◆ Your instructions
Whenever an image turns up, omit it and return the remaining data exactly.

◆ Raw data
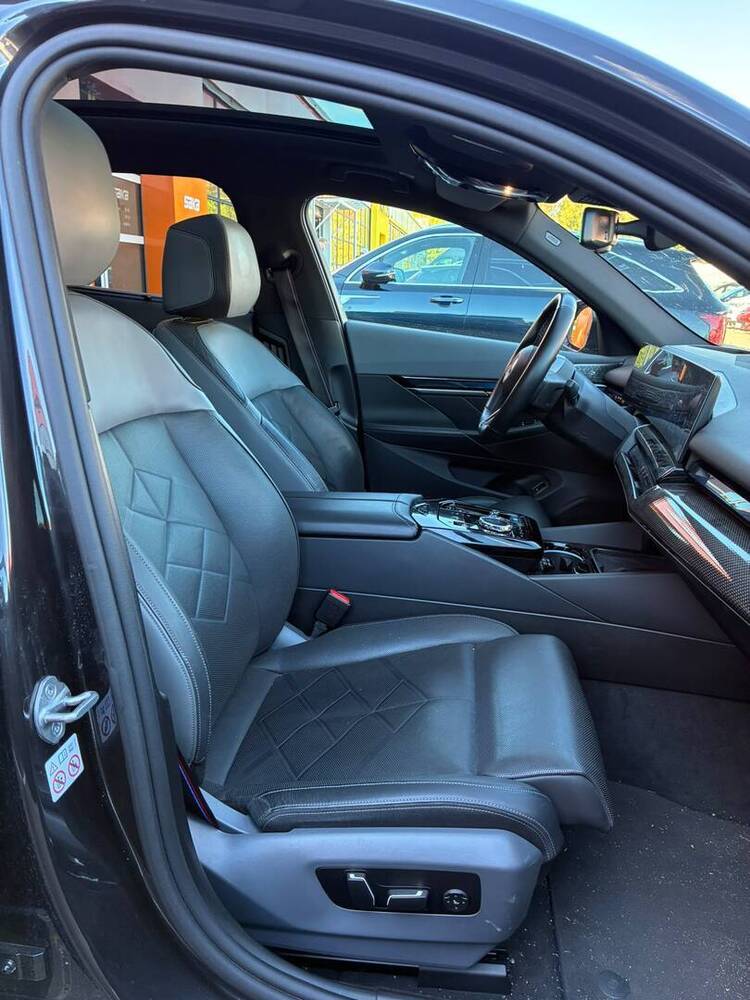 BMW i5 M60 vaihtoauto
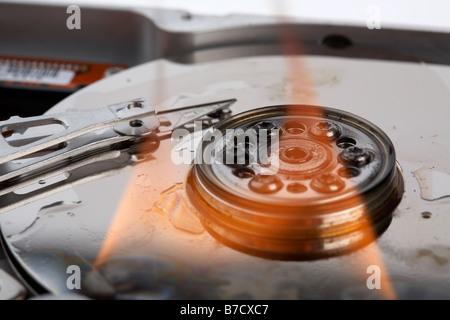 L'orange des flammes qui s'éteint d'un disque dur de l'ordinateur d'ouverts Banque D'Images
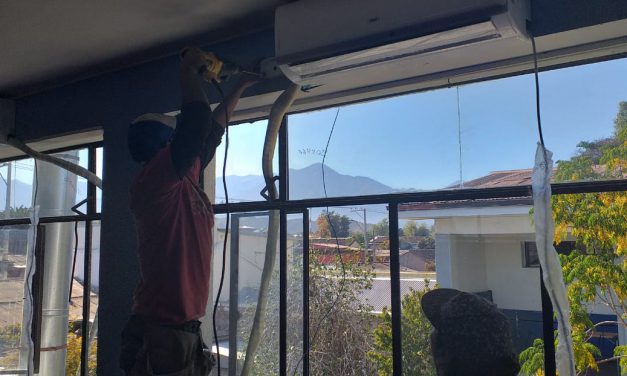 Avanza instalación de climatización en establecimientos municipales de Los Andes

◆ Written reply
 BMW i5 M60 vaihtoauto
 L'orange des flammes qui s'éteint d'un disque dur de l'ordinateur d'ouverts Banque D'Images
 Avanza instalación de climatización en establecimientos municipales de Los Andes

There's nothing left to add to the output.